Don’t chase a ring by just bolting for the best team. Build up your own team. Kobe Bryant would never do that.

Well…

Kobe Bryant requested a trade from the Lakers in 2007 – when the Cavaliers tried trading everyone but LeBron James for him – and the Bulls were Kobe’s top choice. Kobe had a no-trade clause, so he had some power to choose his next team. The rest of his list?

Kobe, via Brian Windhorst of ESPN:

It was Chicago, San Antonio (or) Phoenix.

The Spurs were reigning NBA champions, and the Suns were coming off a 61-win season. These teams were the class of the league.

They also had strong offensive identities – Gregg Popovich’s ball-movement-happy system in San Antonio and Mike D’Antoni’s up-tempo attack in Phoenix. How would Kobe have fit? Now, that’s a great what-if – especially because both teams had the assets to create intriguing trade packages.

The Spurs could’ve built an offer around Tony Parker and/or Manu Ginobili, the Suns around Shawn Marion and/or Amar’e Stoudemire. Could you imagine Kobe and Tim Duncan or Kobe and Steve Nash in 2007? It wouldn’t have been anything like the over-the-hill version we saw in Los Angeles a few years later.

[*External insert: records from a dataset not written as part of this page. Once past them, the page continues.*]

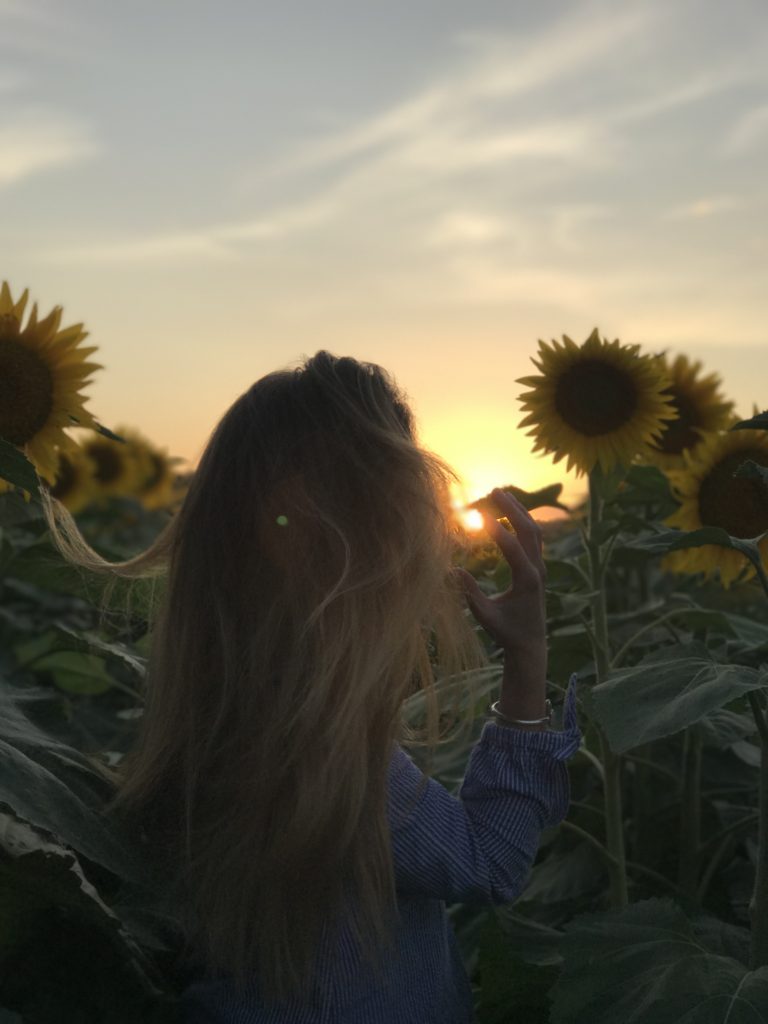 Photo of me enjoying Kansas' beauty in a sunflower field. 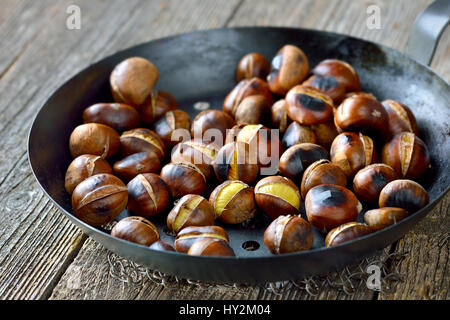 Castagne arrosto con un castagno forata Teglia su un vecchio tavolo in legno Foto Stock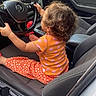 toddler, child, car_interior, steering_wheel, curly_hair, orange_shirt, patterned_pants, car_seat, dashboard, window, door, side_mirror, seatbelt, car_door, vehicle, driving, playful, indoor, young_child, automobile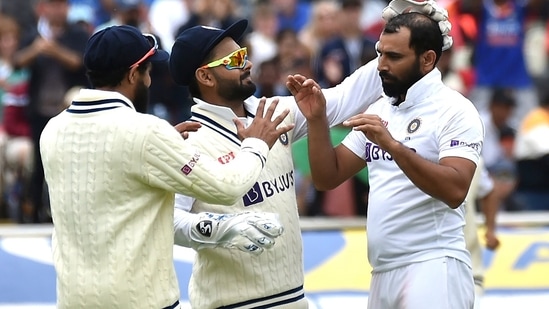 India's Mohammed Shami, right, celebrates with teammates after dismissing England's Jonny Bairstow during the third day of the fifth Test(AP)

Of course, Kobe stuck with the Lakers, who traded for Pau Gasol and won a couple more titles. Kobe led them to those championships, and he deserves credit for staying the course.

But, no matter what Durant decides this summer, remember all players consider as many options as they have in front of them. There’s nothing wrong with someone leaving a job for a better one when he has the ability to do so.

Even Kobe – a self-declared “Laker for life” – tried to do it.